_TASK BRIEF:_ Lower down are entries containing pictures. Copy exactly, without those pictures, the lines from the line with "An adult medium-sized" through the line with "Bambu ormanı güneşli sabah".

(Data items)
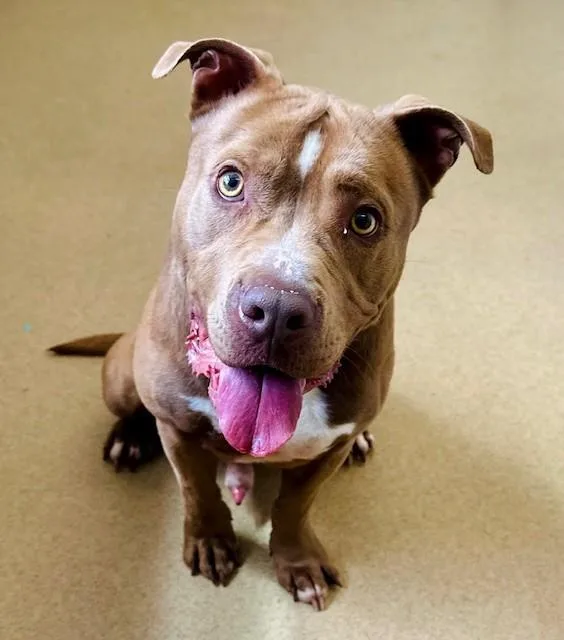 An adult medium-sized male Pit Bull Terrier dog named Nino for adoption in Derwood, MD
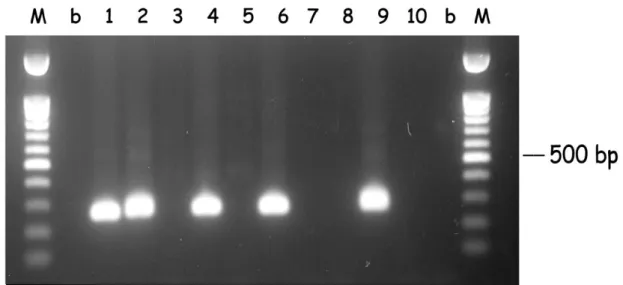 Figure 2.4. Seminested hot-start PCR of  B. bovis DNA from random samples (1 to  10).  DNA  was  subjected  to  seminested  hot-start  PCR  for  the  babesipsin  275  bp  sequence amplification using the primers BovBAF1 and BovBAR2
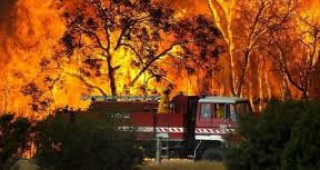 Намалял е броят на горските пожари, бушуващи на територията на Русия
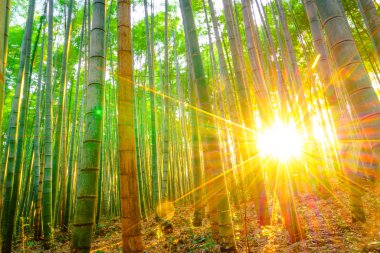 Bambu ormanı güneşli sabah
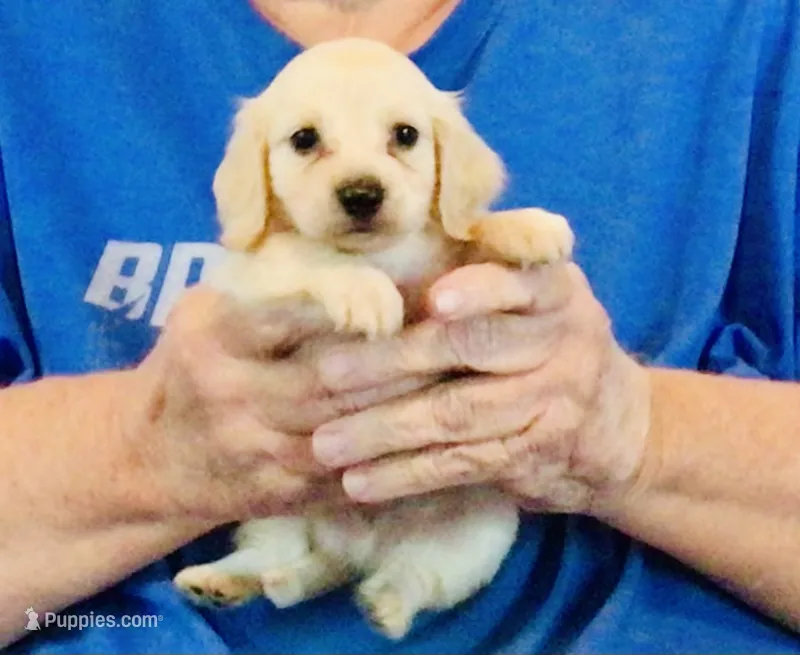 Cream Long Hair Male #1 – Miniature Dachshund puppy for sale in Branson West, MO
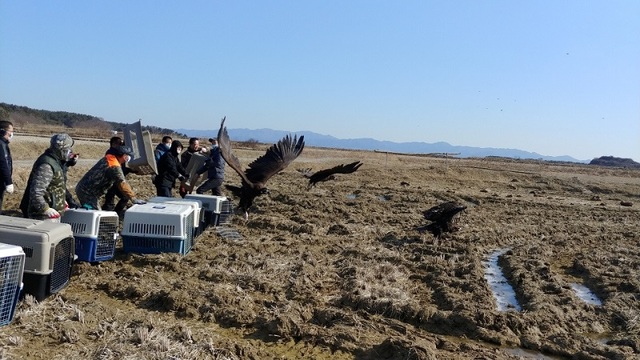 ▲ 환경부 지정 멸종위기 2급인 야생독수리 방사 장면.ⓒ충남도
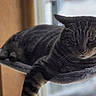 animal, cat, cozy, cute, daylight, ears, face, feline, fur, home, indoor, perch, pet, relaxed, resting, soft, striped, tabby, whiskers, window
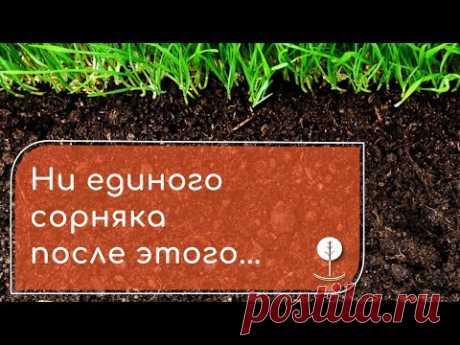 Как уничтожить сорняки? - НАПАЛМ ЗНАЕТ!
--
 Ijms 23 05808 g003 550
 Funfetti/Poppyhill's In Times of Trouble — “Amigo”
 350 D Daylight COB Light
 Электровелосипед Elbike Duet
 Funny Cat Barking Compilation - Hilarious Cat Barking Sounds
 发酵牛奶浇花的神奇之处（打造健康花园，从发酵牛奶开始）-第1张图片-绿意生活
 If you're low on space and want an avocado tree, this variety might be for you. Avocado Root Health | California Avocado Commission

_SOLUTION TO THIS EXERCISE:_
 An adult medium-sized male Pit Bull Terrier dog named Nino for adoption in Derwood, MD
 Figure 2.4. Seminested hot-start PCR of  B. bovis DNA from random samples (1 to  10).  DNA  was  subjected  to  seminested  hot-start  PCR  for  the  babesipsin  275  bp  sequence amplification using the primers BovBAF1 and BovBAR2
 Намалял е броят на горските пожари, бушуващи на територията на Русия
 Bambu ormanı güneşli sabah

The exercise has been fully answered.